The practical pattern that falls out of this: generate the words, verify the pictures. Today's language models are excellent at producing analogies and prose explanations and adapting them to a learner's level — that is the cheap, high-value win. They are noticeably worse at diagrams: they struggle with geometry, proportion, and spatial layout unless the task is first turned into structured text. So treat every generated diagram or math figure like a junior author's first draft — render it, look at it, and run it past a check (or a human) before it reaches a learner. Reserve expensive hand-built simulations for the few "hero" concepts where exploration is the whole point and a static image truly fails.

Tip: Don't build a custom simulation for everything. Build it for the two or three ideas in your subject that learners reliably get wrong because they can't see the process move.

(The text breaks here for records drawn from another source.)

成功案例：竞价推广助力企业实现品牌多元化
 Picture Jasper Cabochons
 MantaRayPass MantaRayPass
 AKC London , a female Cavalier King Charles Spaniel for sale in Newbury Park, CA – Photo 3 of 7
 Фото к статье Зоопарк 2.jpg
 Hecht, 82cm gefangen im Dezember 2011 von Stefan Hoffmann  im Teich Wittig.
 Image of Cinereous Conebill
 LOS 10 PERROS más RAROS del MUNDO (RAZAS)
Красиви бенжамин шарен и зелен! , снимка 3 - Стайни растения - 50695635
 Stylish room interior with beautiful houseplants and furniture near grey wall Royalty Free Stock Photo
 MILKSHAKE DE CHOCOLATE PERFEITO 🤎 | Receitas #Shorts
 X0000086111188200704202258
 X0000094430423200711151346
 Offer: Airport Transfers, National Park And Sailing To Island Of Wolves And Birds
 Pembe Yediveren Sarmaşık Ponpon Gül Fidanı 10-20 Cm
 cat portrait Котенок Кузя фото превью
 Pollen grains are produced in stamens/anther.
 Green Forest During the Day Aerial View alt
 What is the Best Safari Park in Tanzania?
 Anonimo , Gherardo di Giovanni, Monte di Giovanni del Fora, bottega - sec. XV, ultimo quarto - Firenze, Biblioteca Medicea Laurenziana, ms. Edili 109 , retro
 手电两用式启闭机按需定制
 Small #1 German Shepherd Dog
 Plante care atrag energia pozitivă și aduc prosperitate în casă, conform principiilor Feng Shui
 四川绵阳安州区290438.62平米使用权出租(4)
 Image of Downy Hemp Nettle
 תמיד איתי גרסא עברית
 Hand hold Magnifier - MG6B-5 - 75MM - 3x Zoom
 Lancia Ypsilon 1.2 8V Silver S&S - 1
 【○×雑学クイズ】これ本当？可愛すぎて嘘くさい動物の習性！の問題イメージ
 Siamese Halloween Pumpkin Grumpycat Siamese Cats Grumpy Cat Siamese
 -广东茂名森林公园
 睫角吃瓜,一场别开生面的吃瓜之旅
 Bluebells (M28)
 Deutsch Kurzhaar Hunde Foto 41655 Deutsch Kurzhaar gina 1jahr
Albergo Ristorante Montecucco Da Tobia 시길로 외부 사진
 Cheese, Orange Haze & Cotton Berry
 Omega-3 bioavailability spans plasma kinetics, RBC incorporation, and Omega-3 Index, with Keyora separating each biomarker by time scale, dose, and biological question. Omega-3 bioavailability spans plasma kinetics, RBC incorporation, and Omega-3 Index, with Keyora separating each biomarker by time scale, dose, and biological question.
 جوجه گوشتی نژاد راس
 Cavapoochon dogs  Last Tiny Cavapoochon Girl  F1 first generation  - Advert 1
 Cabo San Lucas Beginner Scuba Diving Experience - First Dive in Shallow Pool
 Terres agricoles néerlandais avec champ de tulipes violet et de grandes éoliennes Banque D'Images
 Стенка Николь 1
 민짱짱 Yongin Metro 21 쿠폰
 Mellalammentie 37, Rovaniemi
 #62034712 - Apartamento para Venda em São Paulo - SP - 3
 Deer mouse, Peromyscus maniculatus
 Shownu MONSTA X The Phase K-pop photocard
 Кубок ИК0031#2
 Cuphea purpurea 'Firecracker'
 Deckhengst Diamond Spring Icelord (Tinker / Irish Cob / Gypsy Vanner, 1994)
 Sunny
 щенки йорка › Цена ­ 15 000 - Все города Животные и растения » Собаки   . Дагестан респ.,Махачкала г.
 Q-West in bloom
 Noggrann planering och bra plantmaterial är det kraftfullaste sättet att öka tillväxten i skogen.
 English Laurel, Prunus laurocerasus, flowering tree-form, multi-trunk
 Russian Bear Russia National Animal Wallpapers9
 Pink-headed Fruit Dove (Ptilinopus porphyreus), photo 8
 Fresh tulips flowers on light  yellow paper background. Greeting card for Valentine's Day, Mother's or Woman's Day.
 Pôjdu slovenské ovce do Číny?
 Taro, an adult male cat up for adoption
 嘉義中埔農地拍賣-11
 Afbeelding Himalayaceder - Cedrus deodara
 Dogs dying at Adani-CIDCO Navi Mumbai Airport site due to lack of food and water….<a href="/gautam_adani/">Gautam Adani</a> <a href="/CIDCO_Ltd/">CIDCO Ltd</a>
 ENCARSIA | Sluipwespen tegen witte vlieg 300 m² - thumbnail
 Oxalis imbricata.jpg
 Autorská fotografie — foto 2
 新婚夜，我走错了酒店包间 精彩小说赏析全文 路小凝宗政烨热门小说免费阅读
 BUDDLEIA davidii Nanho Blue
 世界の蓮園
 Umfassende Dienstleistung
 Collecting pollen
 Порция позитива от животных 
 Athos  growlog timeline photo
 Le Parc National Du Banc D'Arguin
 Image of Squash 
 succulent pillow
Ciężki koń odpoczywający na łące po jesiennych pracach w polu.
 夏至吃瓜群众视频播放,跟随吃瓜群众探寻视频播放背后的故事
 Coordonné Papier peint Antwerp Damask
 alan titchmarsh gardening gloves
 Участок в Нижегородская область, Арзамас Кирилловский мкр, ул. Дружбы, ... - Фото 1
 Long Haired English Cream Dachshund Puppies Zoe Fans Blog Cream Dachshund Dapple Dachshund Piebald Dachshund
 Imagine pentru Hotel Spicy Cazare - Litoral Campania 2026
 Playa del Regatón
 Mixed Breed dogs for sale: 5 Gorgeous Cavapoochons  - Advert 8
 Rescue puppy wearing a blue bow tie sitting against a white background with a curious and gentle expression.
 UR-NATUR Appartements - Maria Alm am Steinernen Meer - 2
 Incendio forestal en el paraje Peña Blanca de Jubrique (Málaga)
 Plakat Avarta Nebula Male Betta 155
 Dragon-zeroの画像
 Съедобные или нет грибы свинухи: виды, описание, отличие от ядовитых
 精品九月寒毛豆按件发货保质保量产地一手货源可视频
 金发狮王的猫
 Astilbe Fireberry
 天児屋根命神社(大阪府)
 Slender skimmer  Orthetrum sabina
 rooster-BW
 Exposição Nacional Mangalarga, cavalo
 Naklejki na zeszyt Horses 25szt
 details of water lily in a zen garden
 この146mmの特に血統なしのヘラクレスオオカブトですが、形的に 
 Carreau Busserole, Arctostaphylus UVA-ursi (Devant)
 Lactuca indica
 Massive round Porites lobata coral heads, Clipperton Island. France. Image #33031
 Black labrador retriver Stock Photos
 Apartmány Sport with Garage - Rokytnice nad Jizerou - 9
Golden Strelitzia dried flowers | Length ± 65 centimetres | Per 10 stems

Everywhere else, a generated analogy plus a checked diagram does the job at a fraction of the cost.
Key takeaways
  • Analogies work by letting a learner borrow a familiar mental pattern, so new material arrives as fewer, bigger chunks that fit the tiny working-memory desk — but every analogy breaks somewhere, so name its limit and retire it as the learner grows.
  • Dual coding — relevant words paired with a relevant, nearby picture — beats words alone; decorative images, separated word/picture pairs, and read-aloud on-screen text all hurt. "Learning styles" is a myth; design for the brain, not a learner "type."
  • Use animation or simulation only when the change over time, the cause-and-effect, or the explorable space is the lesson; decorative motion is pure clutter. Give learners pause/replay control.
  • Generate the words (the model's strength), but verify the pictures (its weakness) — and reserve costly hand-built simulations for the few hero concepts a static image can't teach.